From a competitive pool of over 1,200 applications, the selected startups represent a new wave of founders building tech-driven solutions across key sectors of the South-East economy.

Breakdown: 128 Early-Stage, 82 Growth-Ready Startups

SEDC revealed that 128 startups were selected for the Incubator Track, targeting early-stage innovators, while 82 made it into the Accelerator Track, reserved for startups with proven traction and scaling potential.

Rigorous Selection, High-Stakes Criteria

The Commission said entries were screened using strict benchmarks including problem-solution fit, market opportunity, execution strength, and innovation depth.
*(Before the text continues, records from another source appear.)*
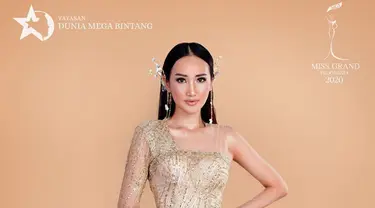 Penampilan dara 23 tahun ini pun menjadi sorotan publik. Menjadi runner-up Miss Grand Indonesia 2020, Bella Aprilia diketahui akan menjadi perwakilan Indonesia dalam ajang Miss Intercontonental 2020. (Liputan6.com/IG/@bellaapriliasant)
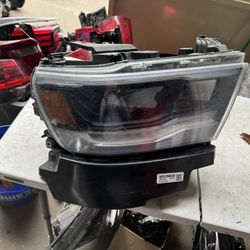 Dodge Ram 1500 Right Headlight Oem 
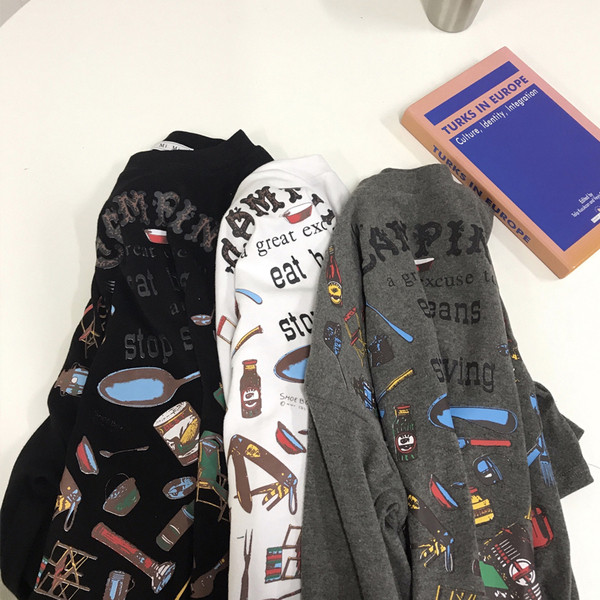 Alkalmi női póló applikációkkal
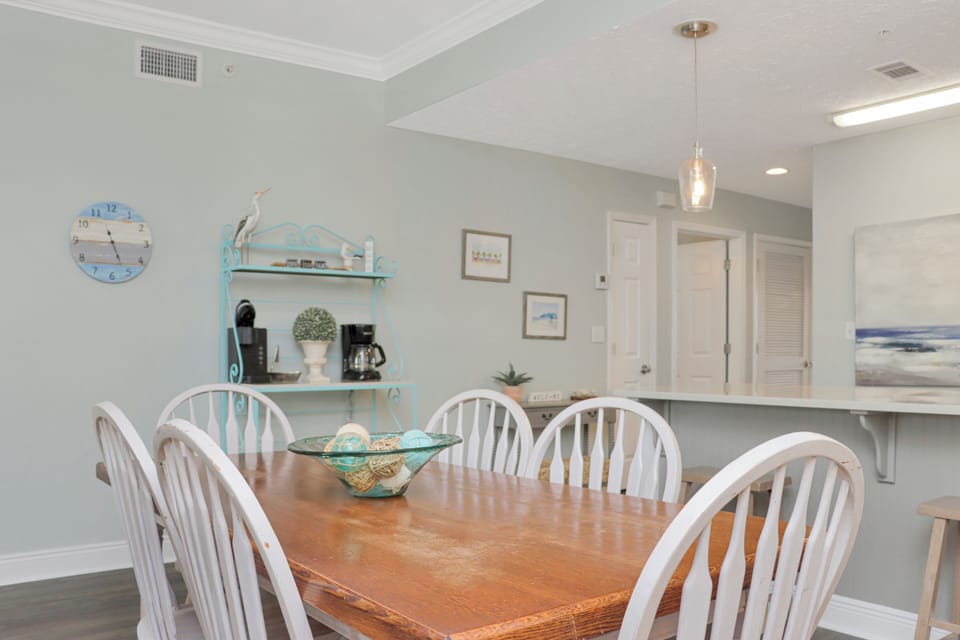 Dining Area, Kitchen and Full Bathroom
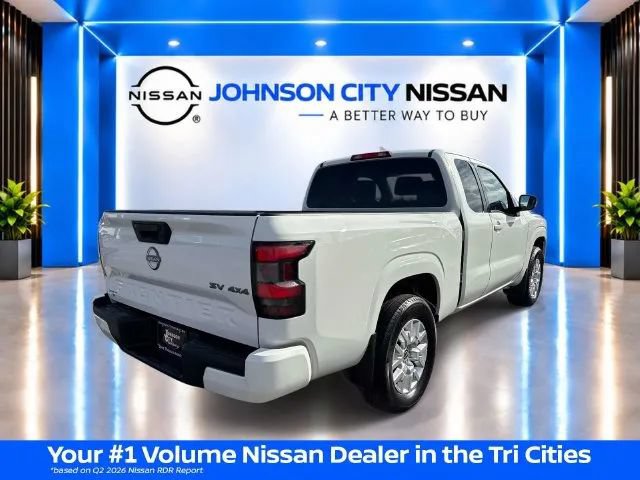 Used 2022 Nissan Frontier SV AWD/4WD image 4
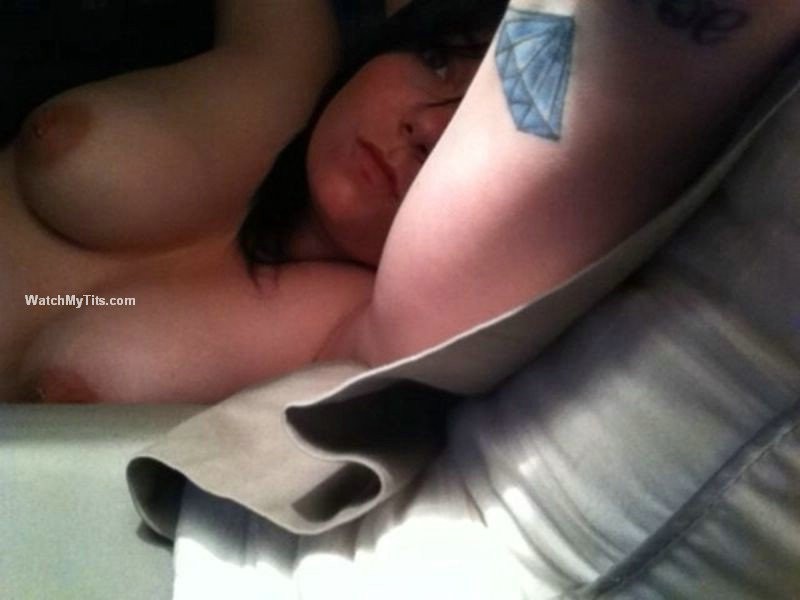 Novias tetonas en fotos de autofotos
 #67452725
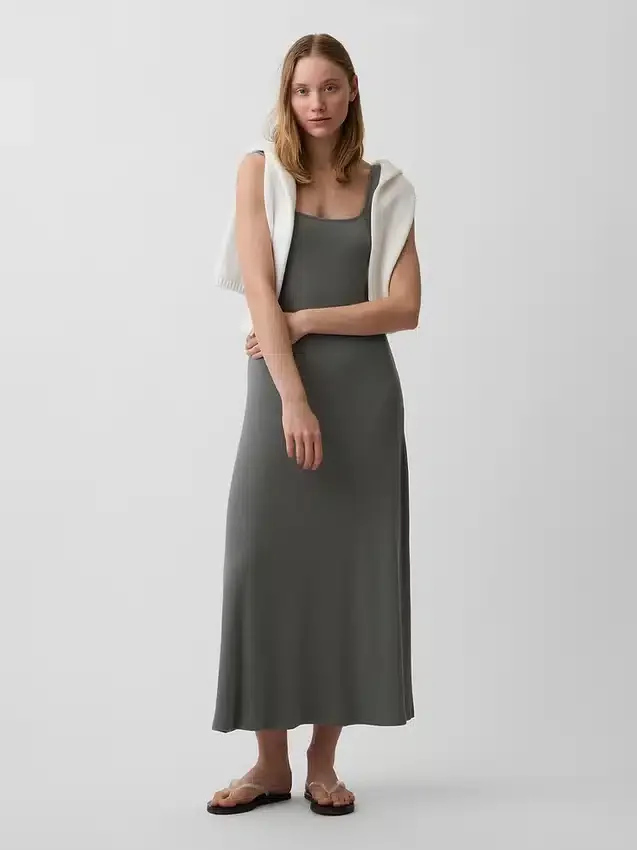 Vestito lungo moderno a scollo quadrato a costine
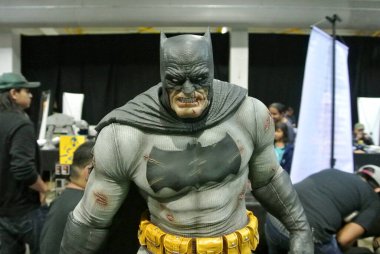 KUALA LUMPUR, MALAYSIA - Kasım 29, 2017: Sinema ve çizgi romanlardaki Batman 'in kurgu karakteri. Batman oyuncakları halk için çeşitli boyutlarda.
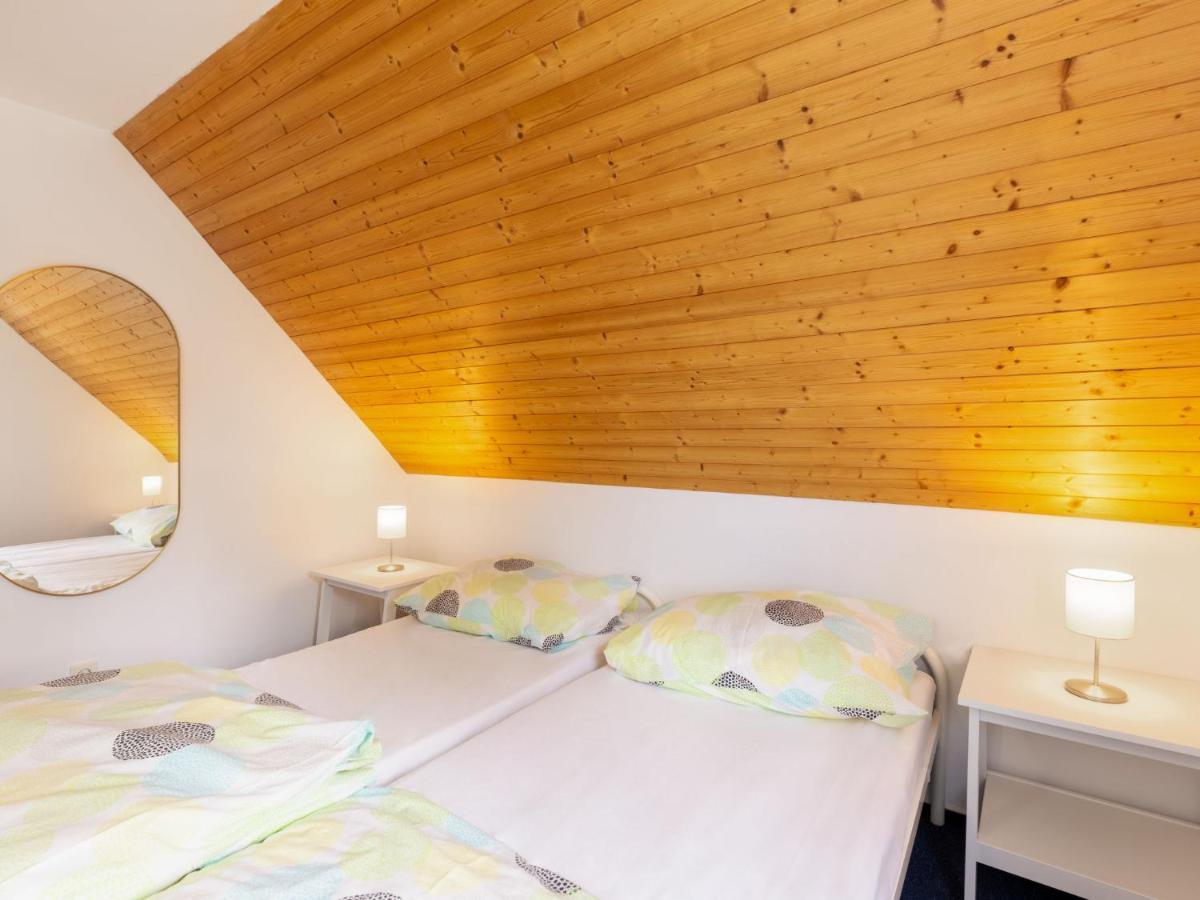Holiday Home Holiday Hill 60 By Interhome Cista  Exteriör bild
Startups in the accelerator category were further assessed on revenue performance and growth metrics.

Next Stop: Video Pitches and Final Showdown

Shortlisted startups will now advance to a video pitch phase, where founders will be evaluated on clarity of vision, leadership strength, and scalability.

The programme will culminate in a grand finale on May 25, 2026, where top-performing startups will secure funding and gain access to mentorship, partnerships, and post-investment support.

Driving a Regional Innovation Surge

SEDC says the initiative is part of a broader strategy to unlock venture capital, strengthen the startup pipeline, and position the South-East as a leading hub for digital innovation.

With funding, structure, and visibility on the line, the programme could prove pivotal in closing early-stage financing gaps and accelerating the rise of globally competitive startups from the region.